The Season So Far
Although rainfall performance improved in January, many areas were still seeing below average conditions when another prolonged dry spell hit in February. Parts of central and southern Mozambique, Zimbabwe, and parts of Zambia and Malawi were affected by extreme dryness from early February to mid-March. Some of these areas experienced their driest February in the past 40 years and serious impacts on rainfed maize production can be expected.
As of mid-March, the region has been affected by a total of 3 cyclones and 2 storms thus far, all making landfall in the same areas (i.e. certain districts of eastern Madagascar and central/northern Mozambique). Between mid-February and mid-March, Tropical Storm DUMAKO, Tropical Cyclone EMNATI and Tropical Cyclone GOMBE brought much needed rainfall to dry areas in Madagascar and northern Mozambique, but also caused extensive flooding and damage.
Given that some forecasts for the remainder of the season project normal to below normal rainfall across much of the region, the outlook is not promising. Below average cereal production is anticipated in Mozambique, Zimbabwe, Madagascar, with severe impacts on production in certain provinces. Parts of Malawi and Zambia are also likely to register below average production.

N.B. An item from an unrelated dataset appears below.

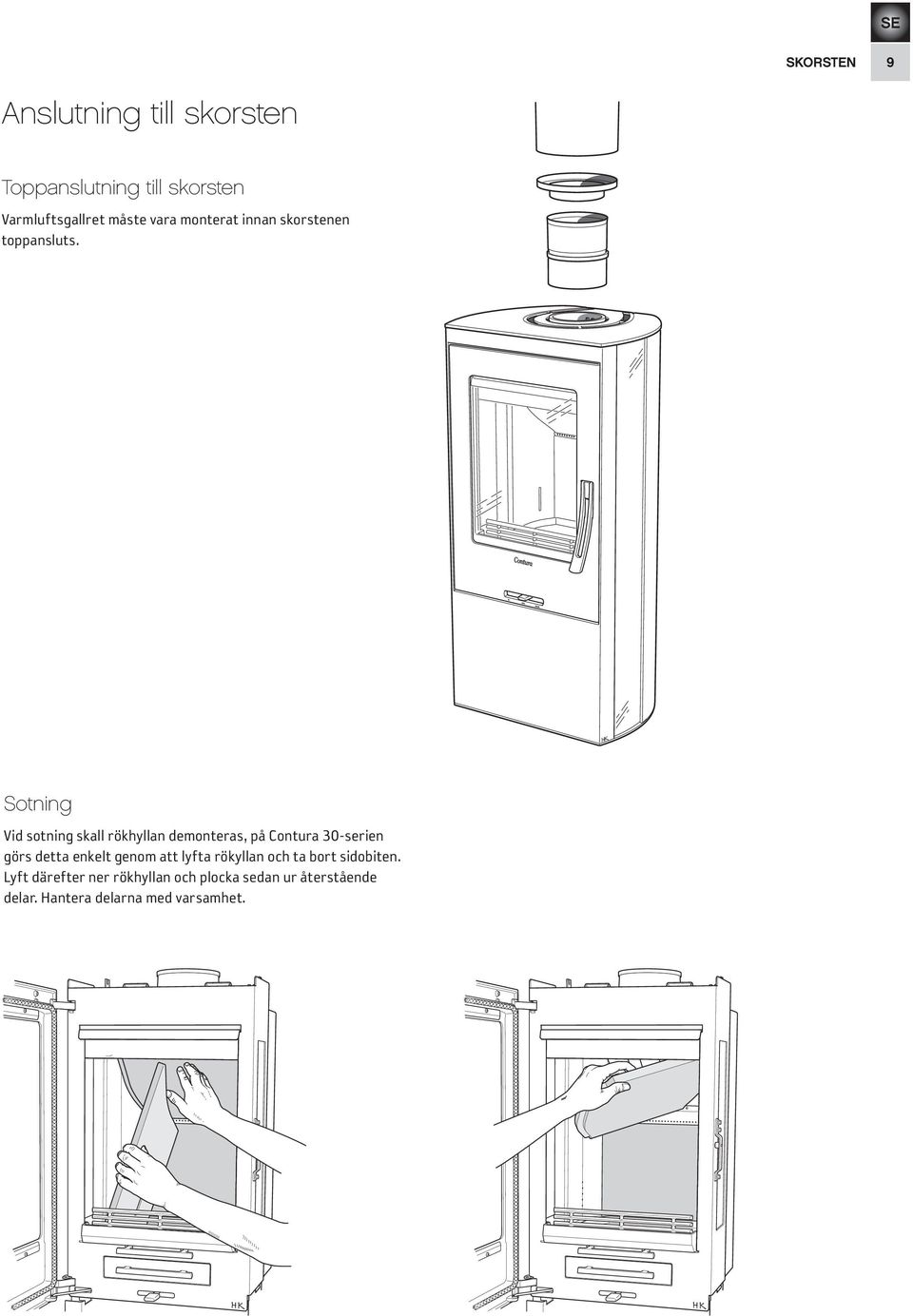 Sotning Vid sotning skall rökhyllan demonteras, på Contura 30-serien görs detta enkelt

Regional maize supply in the upcoming 2022/23 marketing year is expected to be average, as opening stocks are likely to be above average and production is anticipated to be average at best. Although the region may have adequate maize availability to meet its demand, access among import dependent countries will be constrained by high prices at source markets. This is particularly concerning given that the region has already been seeing elevated prices in major markets such as South Africa and Zambia, and the situation has been exacerbated by global commodity prices skyrocketing following the Ukraine conflict. Although the region does not rely heavily on international maize imports, South Africa’s maize prices will likely remain elevated in line with international prices.